Atomic Commit with 2 Phase Commit in FDW Distributed Setup

1. Introduction

PostgreSQL’s 2 phase commit (2PC) feature allows a database to store the details of a transaction on disk without committing it. This is done by issuing PREPARE TRANSACTION [name] command at the end of a transaction block. When the user is ready to commit, he/she can issue COMMIT PREPARED [name] where [name] should match the [name] in PREPARE TRANSACTION command. Because the transaction details are stored on disk with 2PC, the server is able to commit this transaction at a later time even if it crashes or out of service for some time. In a single database instance, the use of 2PC is not critical; the plain ‘commit’ can perform the job equally as well. However, in a larger setup, the data may be distributed on 2 or more database instances (for example, via Foreign Data Wrapper (FDW)), the use of 2PC is absolutely critical here to keep every database instance in sync.

2. Atomic Commit Problem with Foreign Data Wrapper (FDW)

Current postgres_fdw does not support the use of 2PC to commit foreign server. When a commit command is sent to the main server, it will send the same commit command to all of the foreign servers before processing the commit for itself. If one of the foreign node fails the commit, the main server will go through a abort process and will not commit itself due to the failure. However, some of the foreign nodes could already been successfully committed, resulting in a partially committed transaction.

Consider this diagram:

where the CN node fails the commit to DN3 and goes through a abort process, but at the same time, DN1 and DN2 have already been committed successfully and can no longer be rollbacked. This scenario creates a partial commit that may not be desirable.
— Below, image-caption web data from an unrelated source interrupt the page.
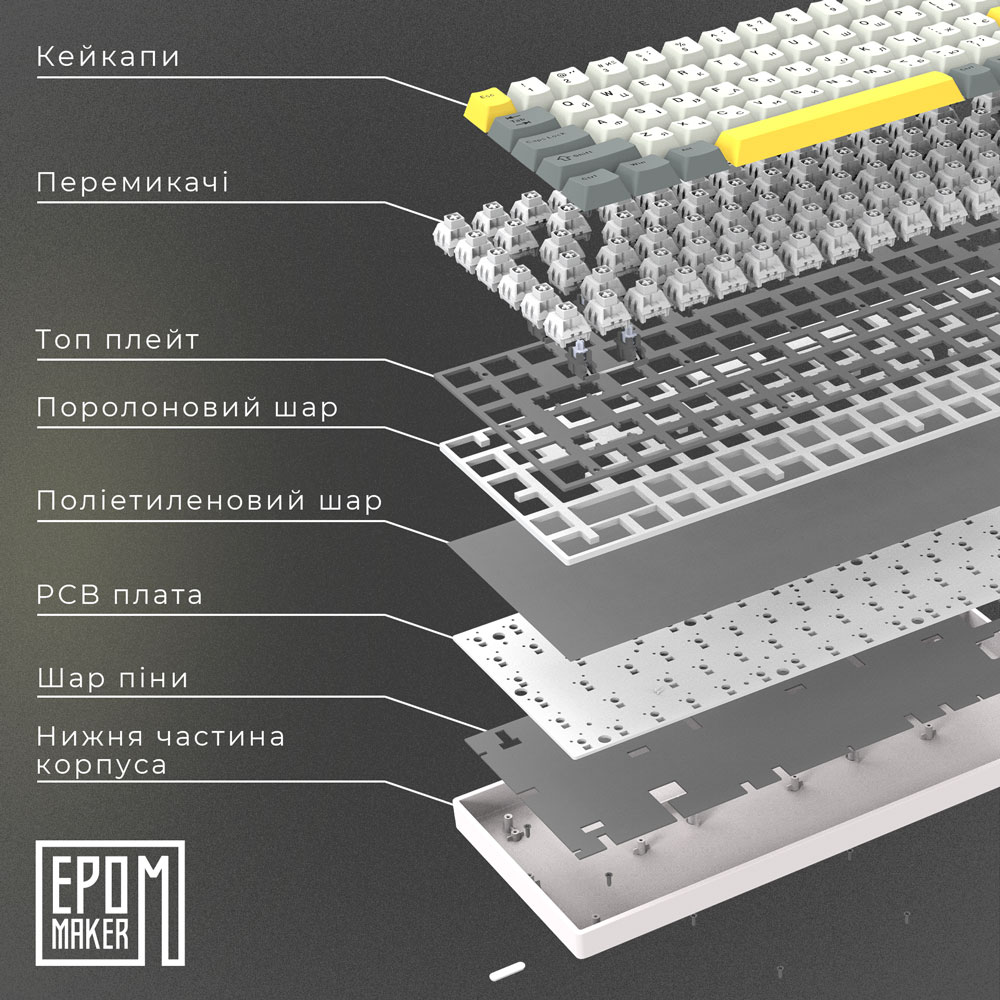 У Фокстрот Клавіатура EPOMAKER EP64 White (EP64-W-M)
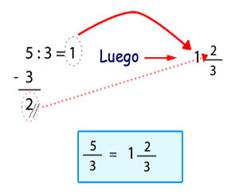 fracciones_recta_numerica_mixto.jpg (305×215)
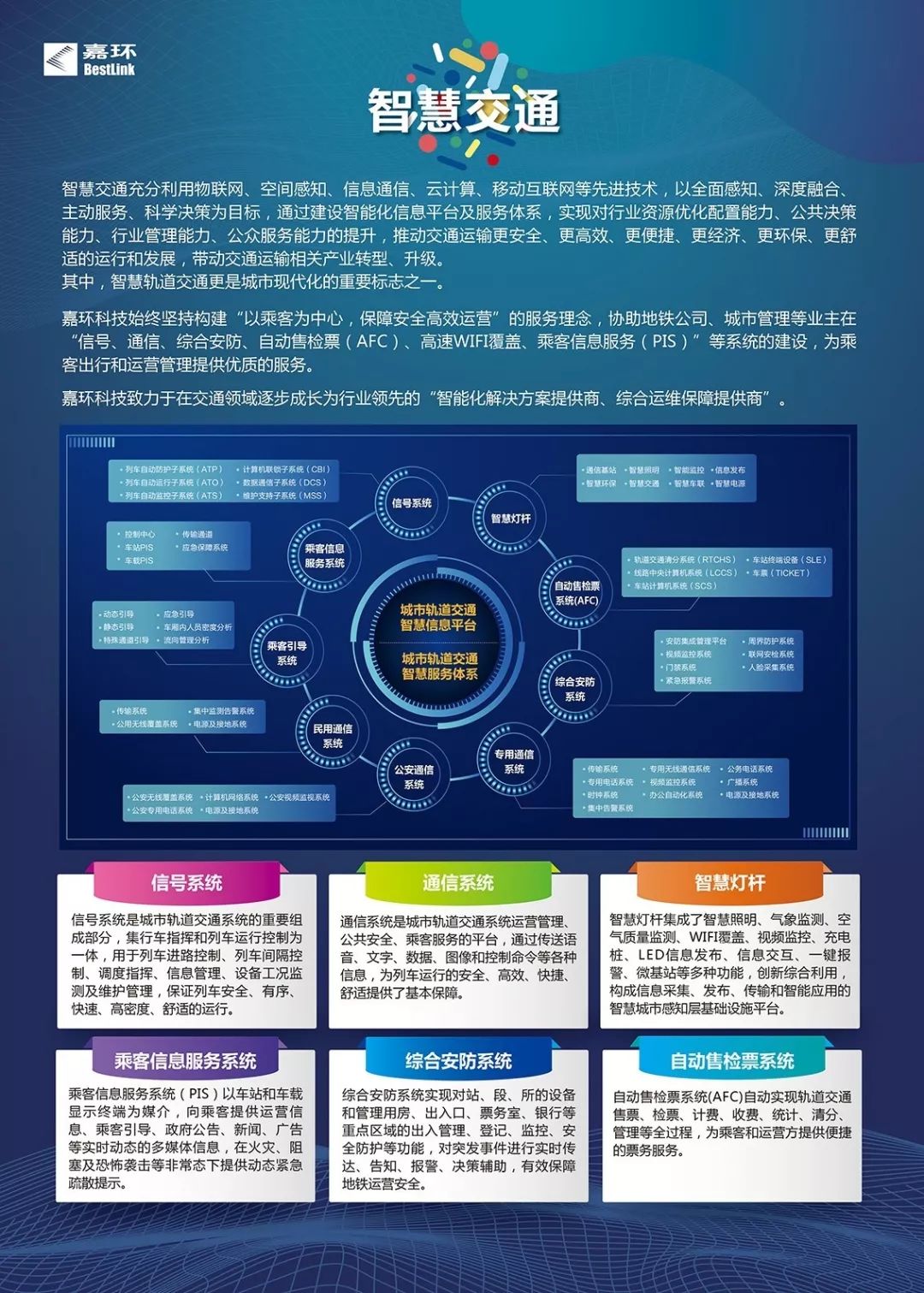 【软博星空】5G网络、智慧教室、指尖餐厅......雨花“黑科技”看过来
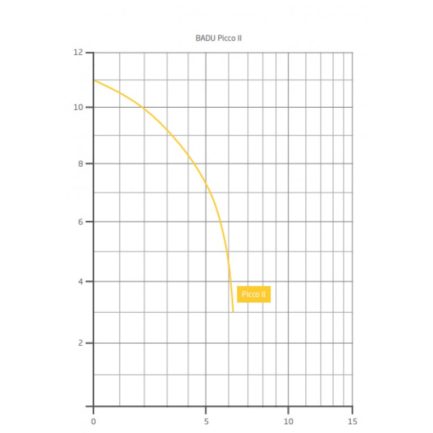 Насос BADU PICCO II с префильтром 5 м³/ч, 0,39/0,2 кВт, 220 В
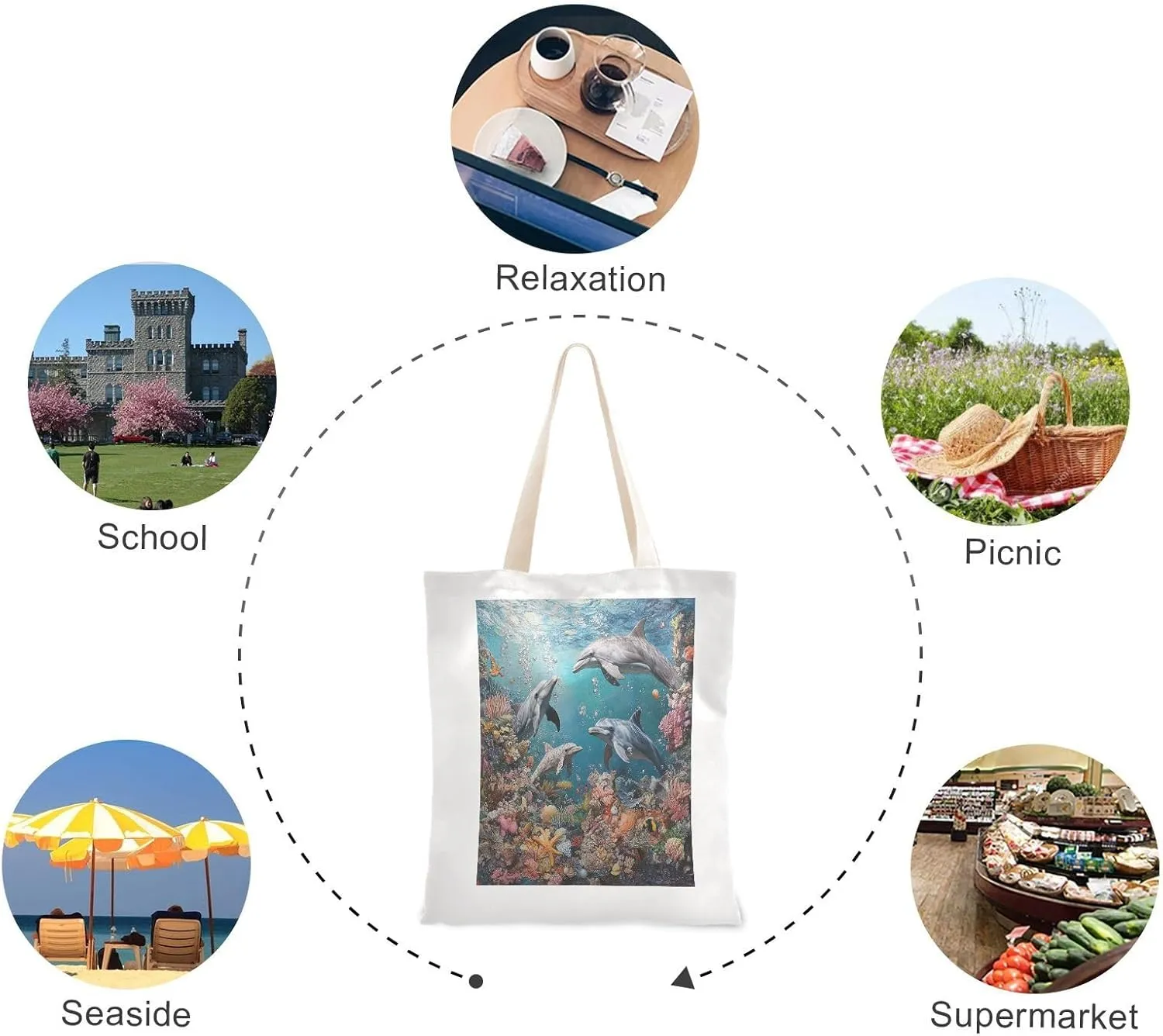 JSTEL Canvas Tote Bag for Women with Pocket,Canvas Tote Purse Shopping Bag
3. FDW with 2PC Capability

If we were to add a 2PC functionality to current postgres_fdw, instead of sending the same commit to all foreign servers, we let the main server to send PREPARE TRANSACTION instead. The main server should proceed to send COMMIT PREPARE to all foreign servers Only when all of the foreign servers have successfully completed the PREPARE TRANSACTION. If one of them fails at the PREPARE stage, the main server is still able to ROLLBACK those foreign server who have successfully prepared.

Consider this diagram:

where the CN node fails the PREPARE TRANSACTION to DN3 and sends ROLLBACK PREPARED to DN1 and DN2 before going to the abort process. With the 2PC method, there will not be any partial commits.
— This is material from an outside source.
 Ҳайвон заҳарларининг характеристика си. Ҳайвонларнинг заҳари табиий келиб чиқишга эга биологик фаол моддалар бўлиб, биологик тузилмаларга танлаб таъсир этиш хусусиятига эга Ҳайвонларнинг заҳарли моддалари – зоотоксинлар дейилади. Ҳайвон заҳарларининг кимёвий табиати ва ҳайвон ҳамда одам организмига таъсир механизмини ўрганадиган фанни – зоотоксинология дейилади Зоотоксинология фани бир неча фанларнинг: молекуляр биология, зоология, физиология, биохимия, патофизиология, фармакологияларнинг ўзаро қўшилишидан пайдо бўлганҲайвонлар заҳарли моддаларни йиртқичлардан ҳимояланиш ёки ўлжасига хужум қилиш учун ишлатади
3. Handling COMMIT PREPARED Failure?

If a foreign server fails at the PREPARE stage, it is not too late to rollback the rest of foreign servers that have succeeded the PREPARE, so the main server can still send ROLLBACK PREPARED to the foreign servers. However, if a foreign server fails at the COMMIT PREPARE stage, the other foreign servers who have succeeded it can no longer be rollbacked, potentially causing a partial commit as well.

In our implementation, we still allow the main server to continue with the commit even though a foreign server fails COMMIT PREPARED. In addition, we give user a warning about one of the foreign server may not have committed successfully, which leads to a potential partial commit. The foreign server with a failed COMMIT PREPARE will now have something called a “orphaned prepared transaction” that has yet to be committed.

Consider this diagram:

where DN3 fails a COMMIT PREPARED command and the CN node continues the commit with warning.
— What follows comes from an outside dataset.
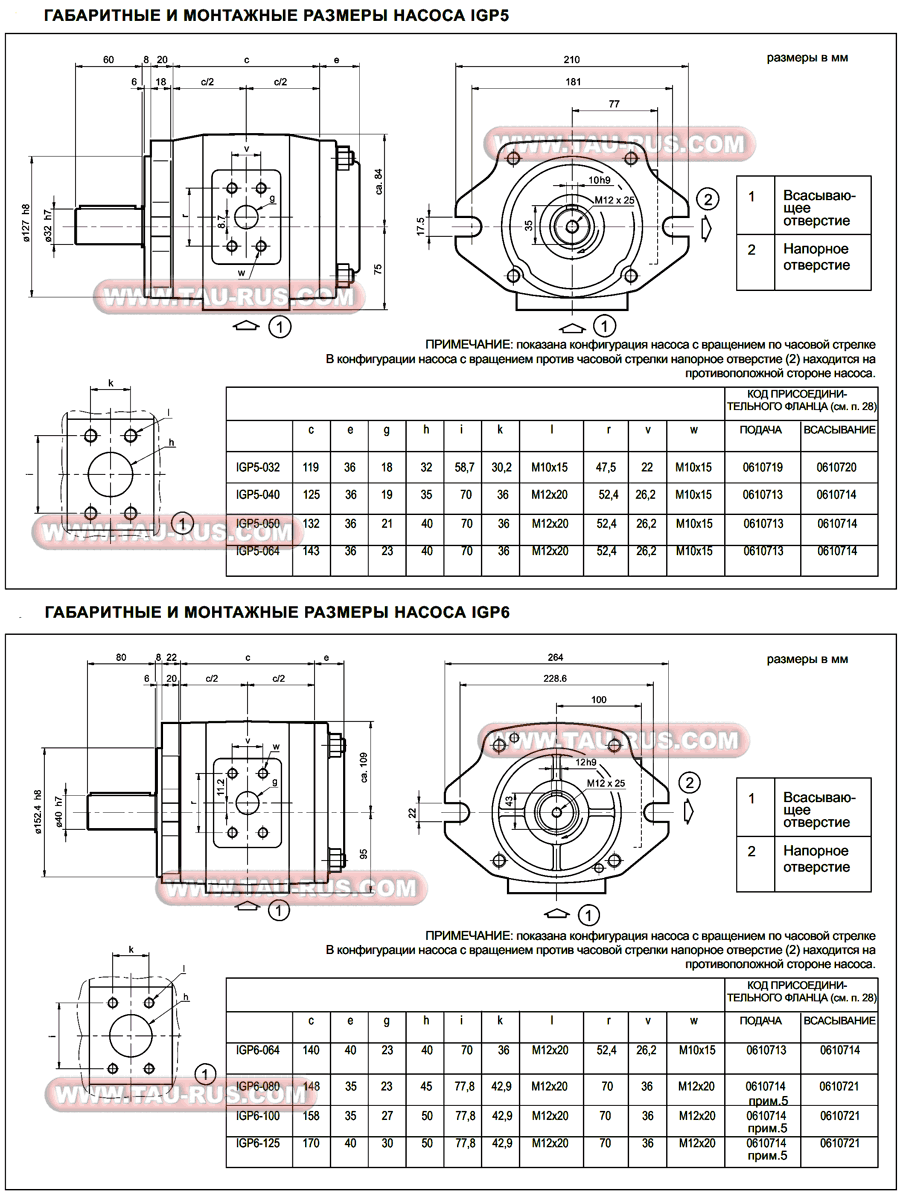Габаритные и монтажные размеры насосов IGP5*, IGP6*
4. Handling Orphaned Prepared Transaction

Following the above example, if we perform a SELECT query, we will see that DN3 does not have an updated value while DN1 and DN2 have been updated. Also, DN3 still have the transaction prepared and stored in its disk. What’s left to do is to have somebody to login to DN3 and manually run a COMMIT PREPARED command. If that is done successfully, there will no longer be a partial commit.

The way we handle this is to make a orphaned prepared transaction detector at each foreign server and we introduce an intermediate and external global transaction manager (GTM) node that records all the FDW operations. Again, following the above example, when DN3 detects a orphaned prepare transaction, it will make a connection to the GTM node and check if this prepared transaction comes from a CN node. If it is, then we simply let DN3 do a self-commit of the prepared transaction automatically, without any human intervention. If GTM does not have a record, then this orphaned prepared transaction must be created manually by another DN3 user and it should not do anything to it except to just give a warning in the log file.

This is the general concept how we handle atomic commit and orphaned prepared transactions. There may be better and more complex solutions out there but for us, having an intermediate GTM node to coordinate all the operations between CN and DN nodes seems to be the simplest.